Content starts

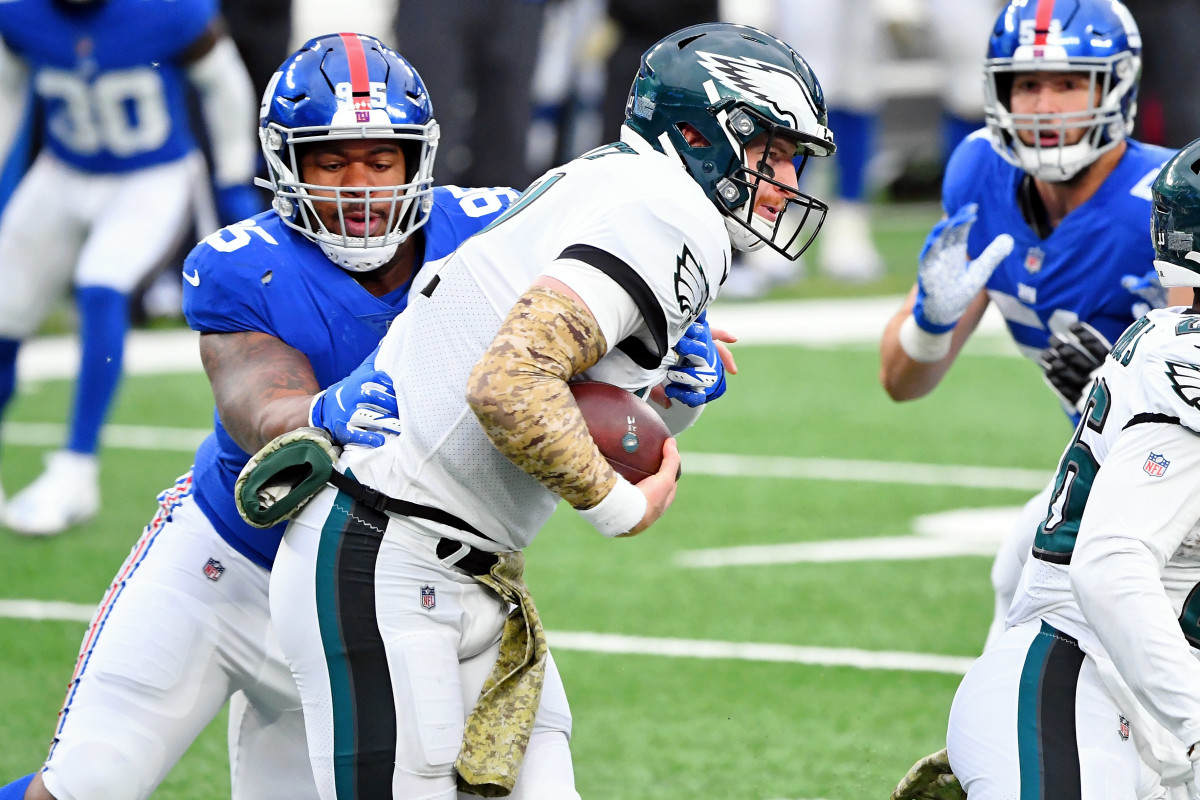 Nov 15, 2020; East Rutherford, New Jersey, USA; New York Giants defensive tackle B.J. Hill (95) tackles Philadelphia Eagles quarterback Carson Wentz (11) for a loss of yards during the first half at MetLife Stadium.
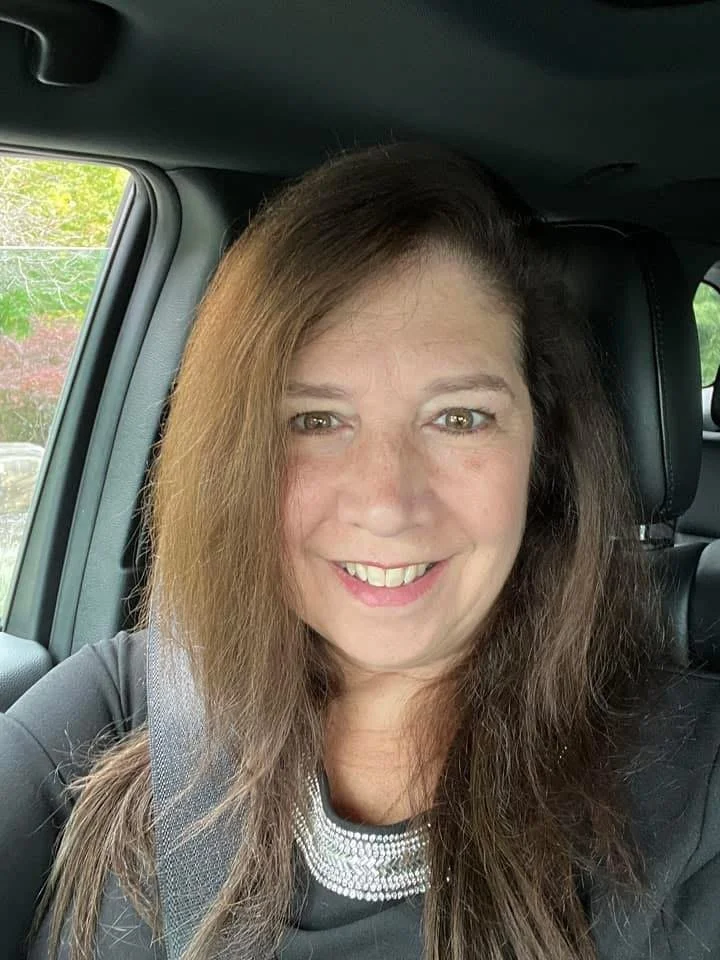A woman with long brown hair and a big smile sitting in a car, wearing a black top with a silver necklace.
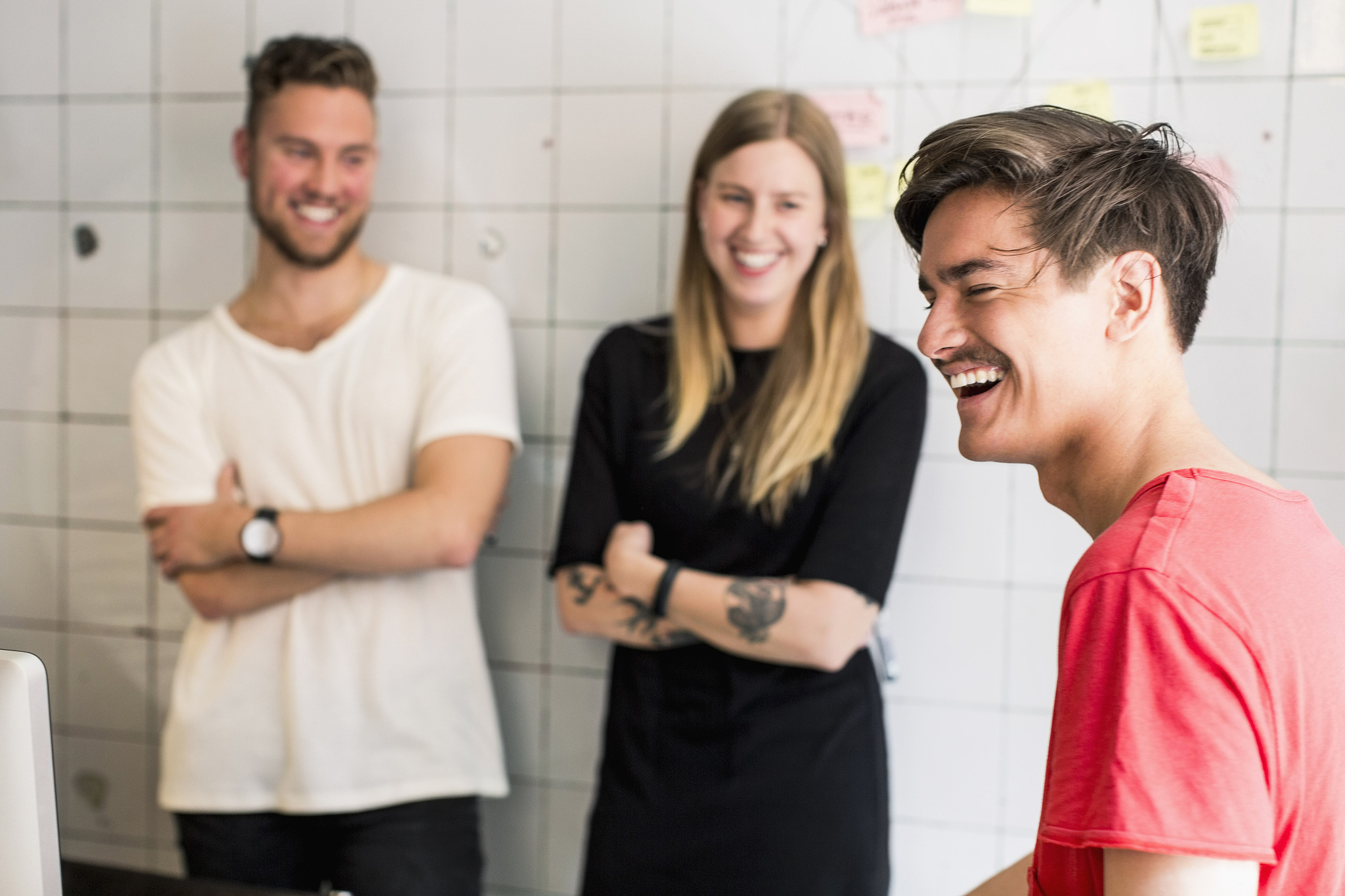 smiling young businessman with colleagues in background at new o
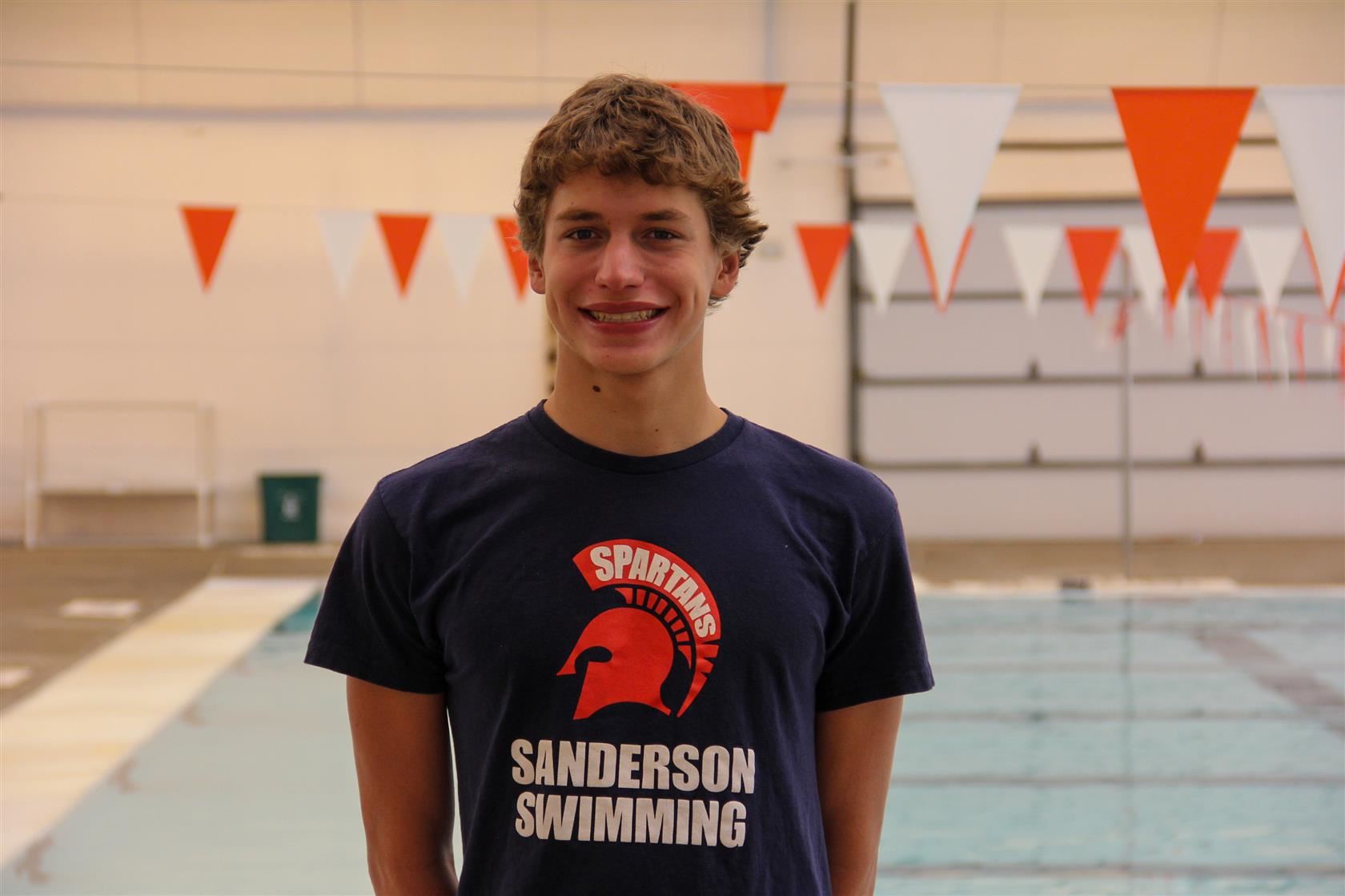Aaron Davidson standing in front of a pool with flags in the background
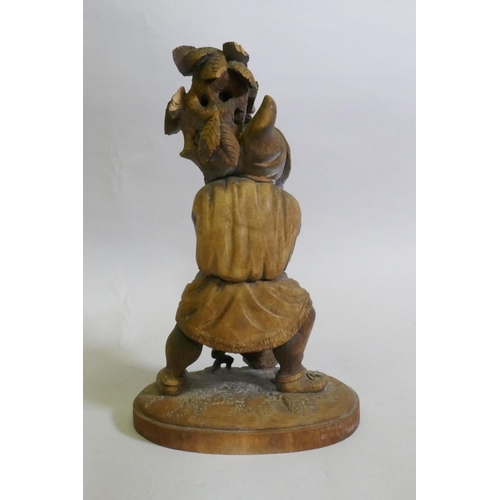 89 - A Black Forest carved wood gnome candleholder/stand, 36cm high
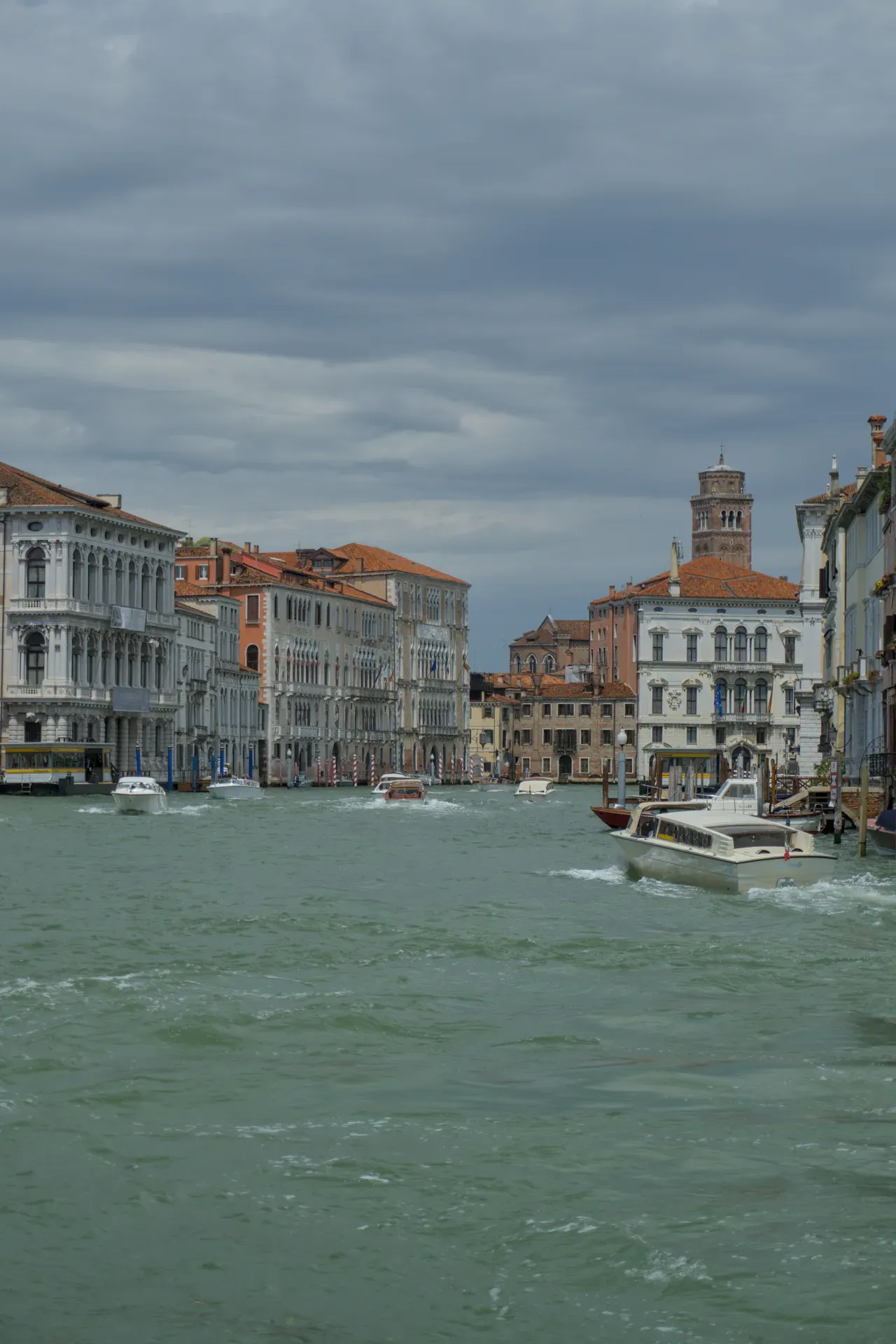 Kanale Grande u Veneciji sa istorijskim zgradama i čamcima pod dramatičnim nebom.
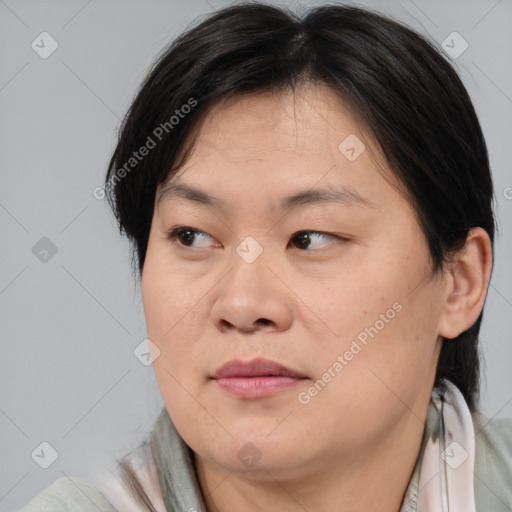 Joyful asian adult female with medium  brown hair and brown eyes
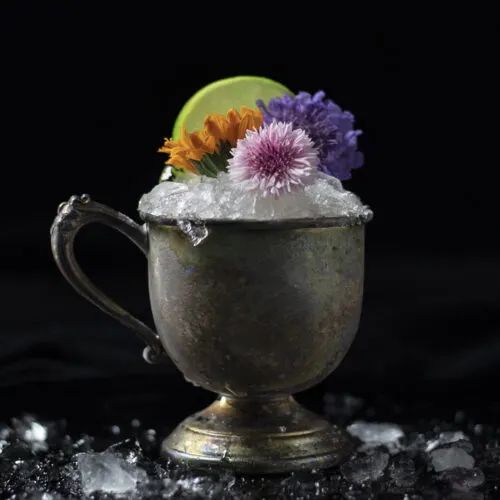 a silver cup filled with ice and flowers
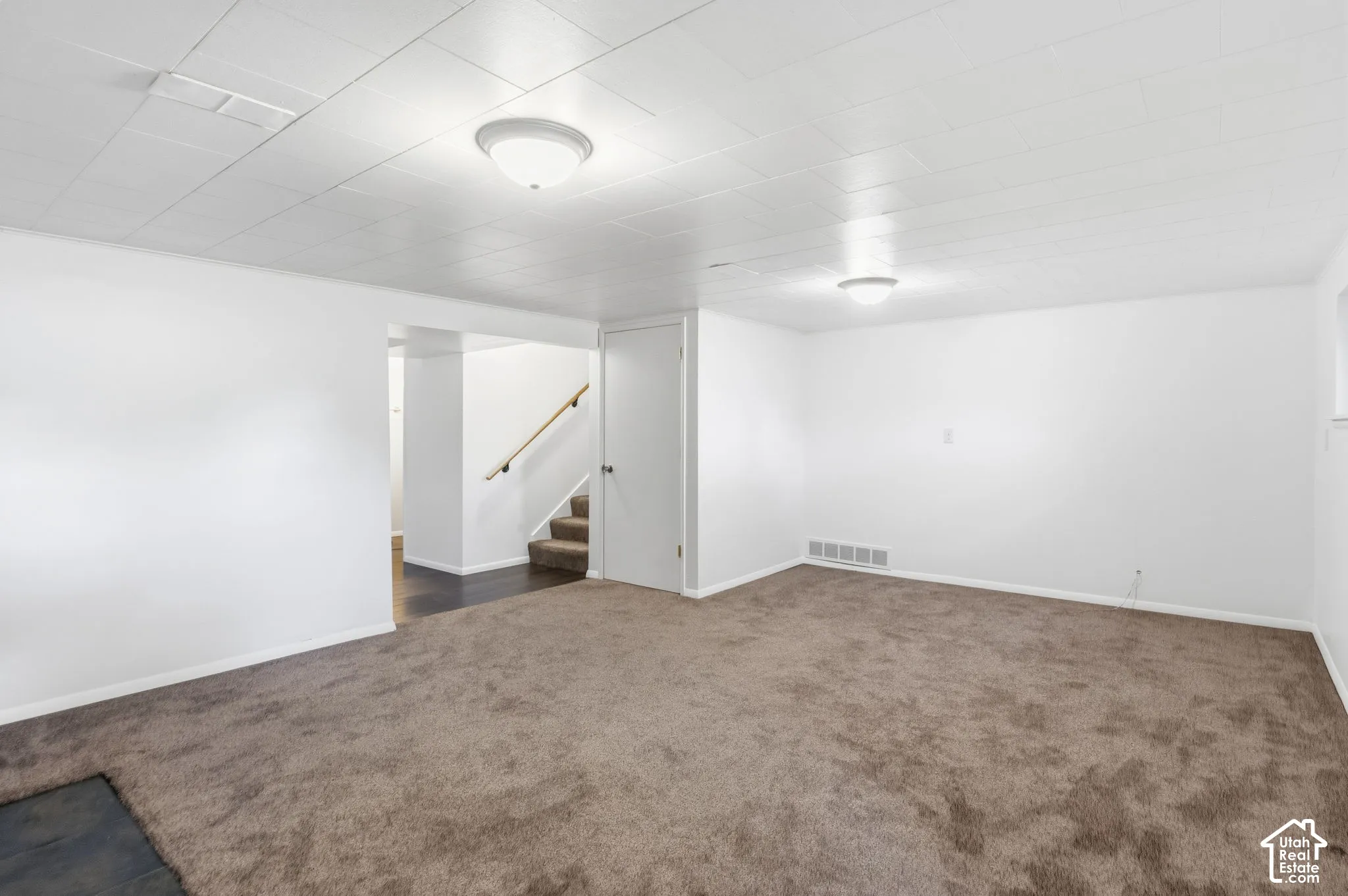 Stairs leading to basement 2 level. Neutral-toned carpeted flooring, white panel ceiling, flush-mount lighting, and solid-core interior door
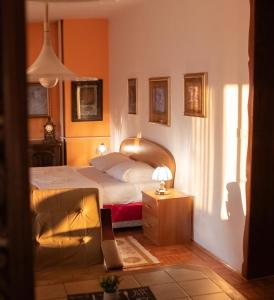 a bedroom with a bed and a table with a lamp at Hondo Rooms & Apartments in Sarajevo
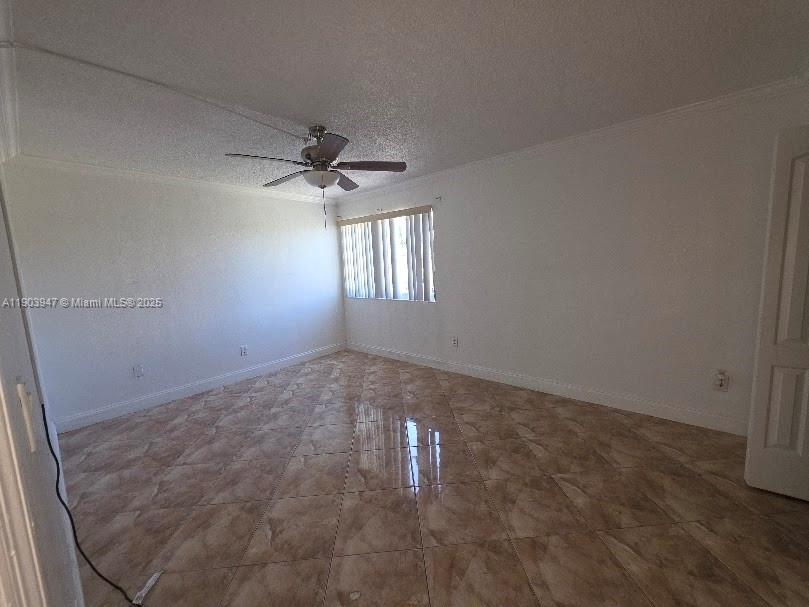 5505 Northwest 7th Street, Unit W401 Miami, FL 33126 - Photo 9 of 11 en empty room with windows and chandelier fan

Content ends

Exactly as given, set down each line of the material, but include no pictures.

 Nov 15, 2020; East Rutherford, New Jersey, USA; New York Giants defensive tackle B.J. Hill (95) tackles Philadelphia Eagles quarterback Carson Wentz (11) for a loss of yards during the first half at MetLife Stadium.
A woman with long brown hair and a big smile sitting in a car, wearing a black top with a silver necklace.
 smiling young businessman with colleagues in background at new o
Aaron Davidson standing in front of a pool with flags in the background
 89 - A Black Forest carved wood gnome candleholder/stand, 36cm high
 Kanale Grande u Veneciji sa istorijskim zgradama i čamcima pod dramatičnim nebom.
 Joyful asian adult female with medium  brown hair and brown eyes
 a silver cup filled with ice and flowers
 Stairs leading to basement 2 level. Neutral-toned carpeted flooring, white panel ceiling, flush-mount lighting, and solid-core interior door
 a bedroom with a bed and a table with a lamp at Hondo Rooms & Apartments in Sarajevo
 5505 Northwest 7th Street, Unit W401 Miami, FL 33126 - Photo 9 of 11 en empty room with windows and chandelier fan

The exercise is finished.